I need to create a script, that will read a word as an input and provide the output as shuffled letters of the word.

Eg: Input word as "Azharudeen" and output should be as "zAhauredne"


You could do this with a short Python script specified on the command line:

$ python -c "import random,sys; chars=list(sys.argv[1]); random.shuffle(chars); print(''.join(chars))" Azharudeen

  • For executing the above command we need to install any packages related to python? – azardin May 15 at 0:21
  • @azardin No, Python ships with Ubuntu.
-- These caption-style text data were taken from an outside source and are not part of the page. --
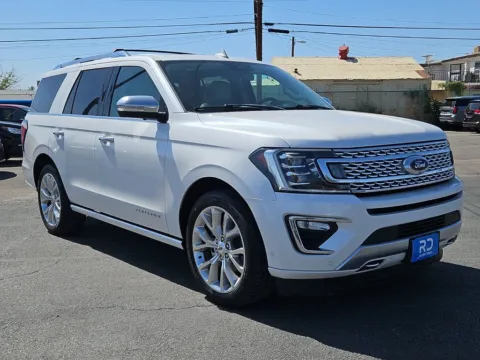 White 2019 Ford Expedition Platinum for sale in El Paso, TX
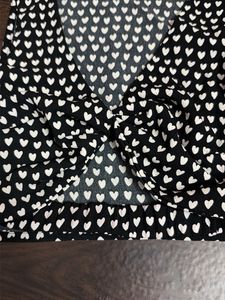 Cute Heart Print Cropped Top
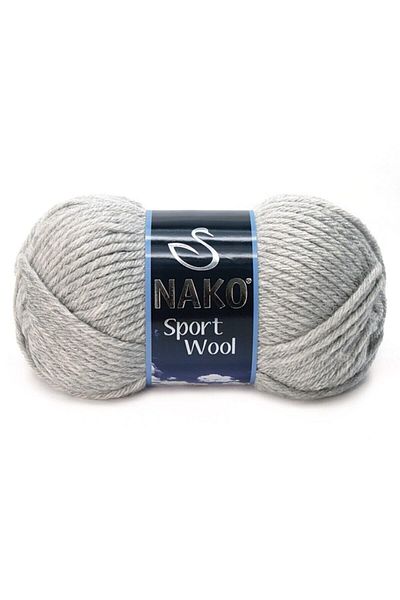 NAKO Sport Wool 00195 Ανοιχτό Γκρι Πλεκτό Σχοινί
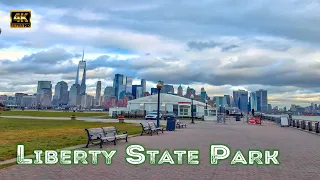 WALK TOUR: Cold Afternon Walk at Liberty State Park, New Jersey, USA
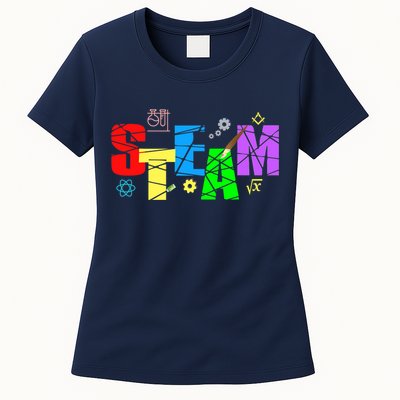 STEAM Science and Art STEM Creativity Maker Womens T-Shirt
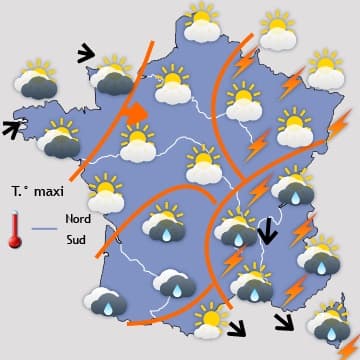 Un week-end nettement plus frais et plus humide 
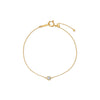 PULSERA PUNTO DE LUZ DIAMANTE EN ORO 18K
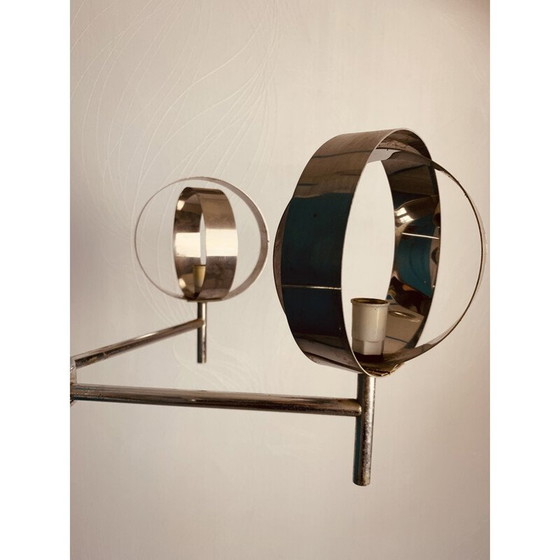 Image 1 of Lampadario cromato vintage con 5 sfere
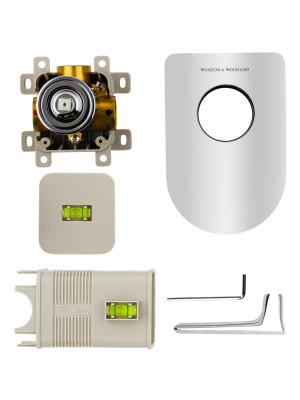 Смеситель для душа встраиваемый WONZON & WOGHAND SHARK, Хром (WW-484700-CR) фото в интернет-магазине Русалия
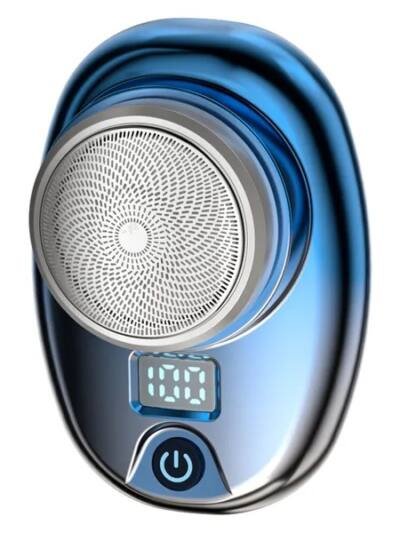 Portable Electric Shaver With LED Digital Display Type-C Rechargeable Electric Razor For Men Electric Beard Trimmer For Home Office Travel Car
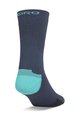 GIRO Cyklistické ponožky klasické - HRC TEAM - modrá/světle modrá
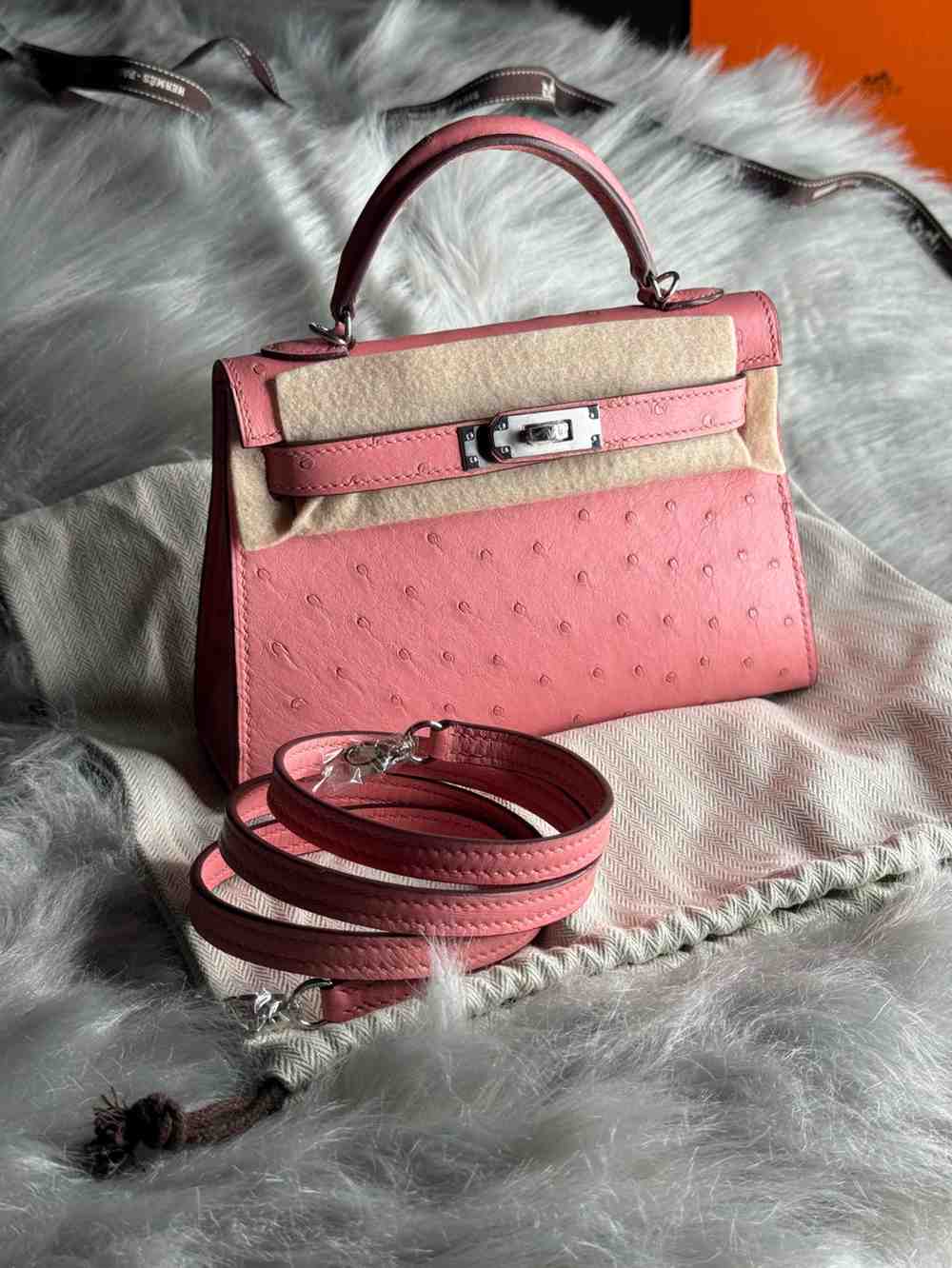 hermes kelly bag ostrich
This should work in all versions, but note that python command is python 2.7 on versions prior to 18.04, and on Ubuntu 18.04 this should invoke python 3 – Sergiy Kolodyazhnyy May 15 at 4:24

Not the most elegant, but this works:

$ echo `echo "Azharudee" | sed -e 's/./&\n/g' | shuf` | sed -e 's/ //g'

Edit (for explanation):

echo "Azharudee"

puts that word into standard output, which is piped into

sed -e 's/./&\n/g'

which places each character onto its own line, by replacing each character by itself followed by a newline character, and pipes it into


which randomly shuffles the lines it is given and puts them on standard output.

Meanwhile this outer layer wraps all the above (as "...") in

echo `...` | sed -e 's/ //g'

The "echo" causes the multiple lines produced by the first set of commands to be combined into a single line, and the "sed" replaces all the spaces with nothing.

Note that it might have been visually better had I used $(echo ... shuf) rather than enclosing it in grave accents, which have the same effect but are harder to see.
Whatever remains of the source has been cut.